[Material for the task]:
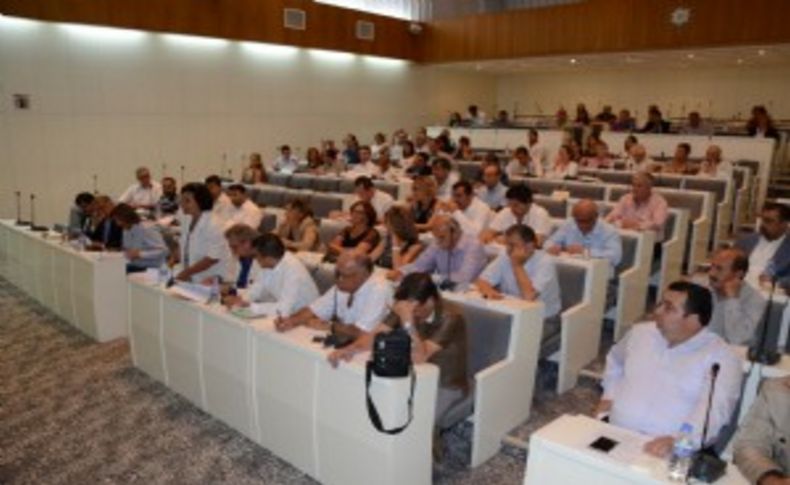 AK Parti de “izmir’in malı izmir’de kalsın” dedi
...
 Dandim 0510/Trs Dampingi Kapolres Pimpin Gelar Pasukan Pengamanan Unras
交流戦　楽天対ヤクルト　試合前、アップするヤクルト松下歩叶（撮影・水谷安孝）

[Aim of the exercise]: Looking at the entries above, can you reproduce exactly the lines from the one that holds "Dandim 0510/Trs Dampingi" through the one that holds "交流戦　楽天対ヤクルト　試合前、アップするヤクルト松下歩叶（撮影・水谷安孝）", and only those?

[Solution to this task]:
 Dandim 0510/Trs Dampingi Kapolres Pimpin Gelar Pasukan Pengamanan Unras
交流戦　楽天対ヤクルト　試合前、アップするヤクルト松下歩叶（撮影・水谷安孝）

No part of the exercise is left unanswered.